Poor body image has been shown to be related to obesity, depression, and eating disorders (Thompson, Heinberg, Altabe, & Tantleff-Dunn, 1999). Poor body image may be cultivated by media images that depict female bodies as smaller than the norm (Hendriks, 2006). In the past, many of these images were created by casting and scripting news broadcasts and sitcoms. However, in today’s media market, “reality television” is becoming increasingly popular. Shows like “The Biggest Loser” and “The Amazing Race” are gaining audiences and airtime. For example, during the week of December 2, 2007, four out of the top 15 rated shows were reality television shows. (Nielsen Media Research, 2007).

Despite its growing popularity, previous media research has rarely pointed its lens at reality television.
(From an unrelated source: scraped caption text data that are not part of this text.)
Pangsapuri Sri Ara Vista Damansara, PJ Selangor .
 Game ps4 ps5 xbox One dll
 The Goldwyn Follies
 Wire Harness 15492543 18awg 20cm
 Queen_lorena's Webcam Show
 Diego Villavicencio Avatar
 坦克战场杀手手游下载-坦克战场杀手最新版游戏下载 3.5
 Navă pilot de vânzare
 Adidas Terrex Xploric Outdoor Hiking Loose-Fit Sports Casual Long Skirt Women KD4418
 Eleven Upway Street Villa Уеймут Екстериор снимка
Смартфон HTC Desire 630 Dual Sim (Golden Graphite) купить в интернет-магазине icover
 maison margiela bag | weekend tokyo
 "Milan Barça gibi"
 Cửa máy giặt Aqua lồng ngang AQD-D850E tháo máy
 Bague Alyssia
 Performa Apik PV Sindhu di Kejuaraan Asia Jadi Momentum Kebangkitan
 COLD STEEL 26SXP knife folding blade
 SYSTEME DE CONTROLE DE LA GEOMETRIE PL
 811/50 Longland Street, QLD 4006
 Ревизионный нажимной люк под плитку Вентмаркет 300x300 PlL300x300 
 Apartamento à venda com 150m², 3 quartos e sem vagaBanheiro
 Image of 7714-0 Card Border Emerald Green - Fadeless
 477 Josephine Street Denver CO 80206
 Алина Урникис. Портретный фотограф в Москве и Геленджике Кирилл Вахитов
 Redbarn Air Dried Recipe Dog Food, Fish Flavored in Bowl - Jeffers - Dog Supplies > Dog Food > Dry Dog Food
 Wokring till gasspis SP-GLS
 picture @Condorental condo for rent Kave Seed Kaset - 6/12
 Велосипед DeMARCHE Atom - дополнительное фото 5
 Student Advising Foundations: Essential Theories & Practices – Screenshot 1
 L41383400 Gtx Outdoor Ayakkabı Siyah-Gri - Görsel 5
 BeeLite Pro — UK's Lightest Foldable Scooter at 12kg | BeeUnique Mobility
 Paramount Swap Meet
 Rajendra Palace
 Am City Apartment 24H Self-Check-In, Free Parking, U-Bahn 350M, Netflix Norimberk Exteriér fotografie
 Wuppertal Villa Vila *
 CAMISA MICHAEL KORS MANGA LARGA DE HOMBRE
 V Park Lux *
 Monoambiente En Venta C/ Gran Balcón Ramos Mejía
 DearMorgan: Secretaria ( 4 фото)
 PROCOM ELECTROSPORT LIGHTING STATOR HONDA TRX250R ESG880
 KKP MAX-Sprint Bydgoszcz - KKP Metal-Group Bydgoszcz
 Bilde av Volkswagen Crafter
Cultivation theory suggests that individuals’ television viewing habits can influence and shape their perceptions of reality—their beliefs about how the world operates (Gerbner & Gross, 1976; Gerbner et al., 1979; 1986). Gerbner and Gross (1976) explained, “Television is a medium of the socialization of most people into standardized roles and behaviors. Its function is in a word, enculturation” (p. 175). Cultivation theory has been used to examine various effects of television viewing habits, such as individuals’ perceptions of violence and crime, older and younger people, minority populations, and socioeconomic statuses. Yet few researchers have used cultivation theory to investigate the relationship between television viewing and individuals’ perceptions of body image.

The goal of this study was to use cultivation as a framework to examine the effect of reality television on viewers’ perceived body image. Female college students (n=243) ages 18-24 (M = 18.97; SD = 1.14) viewed an hour-long episode of one of three reality TV shows (The Amazing Race, The Biggest Loser, Dr. 90210) after filling out measures of body image, self-esteem, and an index of cultivation. At post-test, viewers completed a post-test measure of body image. Results showed that although the reported body image of all three groups declined at post-test, the women who watched The Biggest Loser had less reduction in perceived body image as compared to the women in the other two groups [F(2,233) = 7.58, p < .01]. These results would seem to support those of Holstrom (2004), who found that media images of overweight women have a positive effect on the body image of female viewers.

As one would expect according to cultivation theory, women’s predisposition to cultivation had a significant negative relationship with body image at post-test (r = -.24; p < .01), whereas self-esteem demonstrated a positive relationship with body image (r = .18; p < .01). These results will be discussed within the framework of cultivation theory and directions for future studies will be suggested.